Don’t get mad. Get GLAD!
Leaving aside brand preferences for
trash bags, this slogan from an old commercial serves as a useful bridge
from our previous reflection of a couple weeks ago regarding the madness
surrounding the men’s college basketball field that continues to narrow
as the month wears on.
We know that, ultimately, only one
team avoids the sadness of defeat altogether and takes home a much-coveted
title: NCAA Men’s Basketball Champion! The resultant March Gladness
is restricted to the winner, and is temporary at best. But we Catholics have
our own source for a similarly seasonal celebration, one that annually
commemorates an event of 2,000-plus years ago.
Every March 25, we celebrate the
Solemnity of the Annunciation (transferred this year, by way of exception,
to March 26). It is no coincidence that this feast day falls exactly nine
months before we celebrate Christ’s birth on Christmas. Mary’s openness to
the message sent to her by God through the angel Gabriel led ultimately to
the birth of Jesus, which was a necessary precursor to the many events of a
holy life that gained for us the gift of salvation. Now that is good
news, and certainly a cause for gladness!
When Mary visited her cousin
Elizabeth, her elation at being pregnant with Jesus was evidenced by her
words: "My soul proclaims the greatness of the Lord; my spirit rejoices in
God my savior" (Lk 1:46-47). This spiritual euphoria is what every true
Christian should experience when contemplating all the great things God has
done, not just for Mary, but for each of us as well.
The event of the Annunciation is a
climactic point of fulfillment of the most important Old Testament
prophecy—namely, that God would send a savior into the world. While we all
realize that there is more to the story, this is where the mystery of the
Incarnation (God becoming man) began: at Nazareth, in Mary’s womb.

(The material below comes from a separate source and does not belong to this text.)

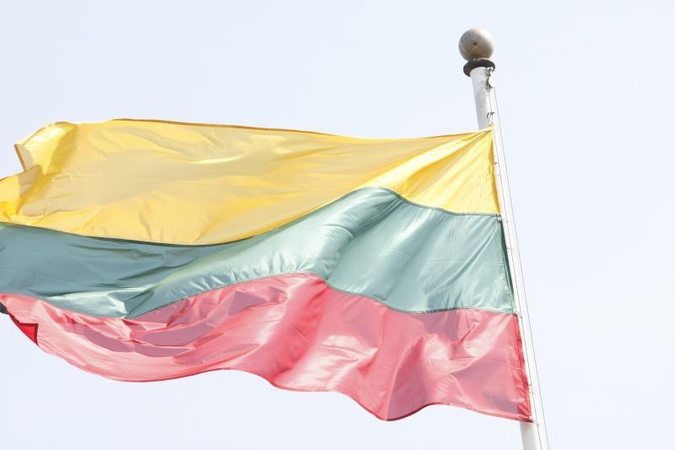 Lietuva švenčia Valstybės          dieną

As we recite the Nicene Creed at
Mass, we are directed to bow during these words about the Second Person of
the Divine Trinity: "…and by the Holy Spirit was incarnate of the Virgin
Mary, and became man." When celebrating the Annunciation, as on Christmas,
our usual bow is replaced with a genuflection, which slows us down during
this crucial phrase to accentuate its significance for us. Yes, God
really did humble Himself to the highest degree in order to save us from
our sins and provide for us the possibility of entering heaven. Aren’t we
glad He did? We are indeed, and our gladness is demonstrated in part by our
posture of humility when we bend our knee before the Lord God as we profess
and proclaim the doctrine of the Incarnation in the Creed.
And so, for us, the March Gladness
that follows upon March Madness is not at all restricted. In fact, it
must not be so! Our entire faith is grounded in the mystery of the
Incarnation. Our joy should be as evident as that of Mary. Our souls
internally should proclaim the greatness of the Lord, and our lives
externally should rejoice and announce God as our Savior. Such is not the
exclusive domain of Jehovah’s Witnesses or Evangelical Christians. It is—it
must be—the very source of every Christian’s joy. Christ died and
rose for us, and we are glad indeed! Let us not be afraid to show it.